無気力な坂道を転がり始めたらもうどうにもとまらない、リンダ山本。
二十代前半輝ける青春の日々、私は部屋にこもりっきりの毎日だった。


”お昼休みはウキウキウォッチング〜”で起床。
ドラクエやろう。しかも2ね。難易度高し。
コーラの1・5リットル、ポテチは勿論コイケヤのりしお、
それとでん六ピーナッツチョコレート。
あ、電話かかってきた。出るのメンドウだなあ...、っと切れちゃった。
う〜ん、このキャラ強いな、倒せないよ。あ〜あ死んじゃった。
復活の呪文何だったっけ?メモどっかいっちゃったなあ。
CD聴こう、ゆる〜いヤツ。グレートフルデッド。ジェリーガルシア最高。
そう言えば今日何曜日?ヤンマガ発売になった?
『ガロ』も最近つまんないね、安部慎一でも読み返すか。
ギターの弦も張り替えなきゃなあ、3弦あったっけ?
ビデオも返しに行かなきゃ、延滞料金高そう。
ふぁ〜、アクビ。何時間寝ても眠いなあ。
昼寝でもするか、っとその前に猫にエサあげなくちゃ。
寝るの大好き。

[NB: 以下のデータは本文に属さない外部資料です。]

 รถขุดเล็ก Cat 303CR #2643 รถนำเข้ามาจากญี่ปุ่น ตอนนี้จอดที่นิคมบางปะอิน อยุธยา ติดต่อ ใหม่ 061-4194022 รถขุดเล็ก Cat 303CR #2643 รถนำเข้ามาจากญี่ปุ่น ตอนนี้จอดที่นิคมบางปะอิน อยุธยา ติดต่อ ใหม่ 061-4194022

ボーっとするの大好き。一人でいるの大好き。
靴なんて履きたくない。約束なんてめんどくさい。
だからケータイだって持ってない.........。

最高だった。何も残らなかった。絶望すら感じなかった。偉大なる虚無。
『五月病』ではない。 『年中五月病』である。

二千三年 皐月。
私は自分が如何にナマケモノかを良く知っている。
だから『五月病』など私には関係無い。
毎日毎日多くの形あるモノを残そうと、
靴を履いて、約束を交わして、もがいている。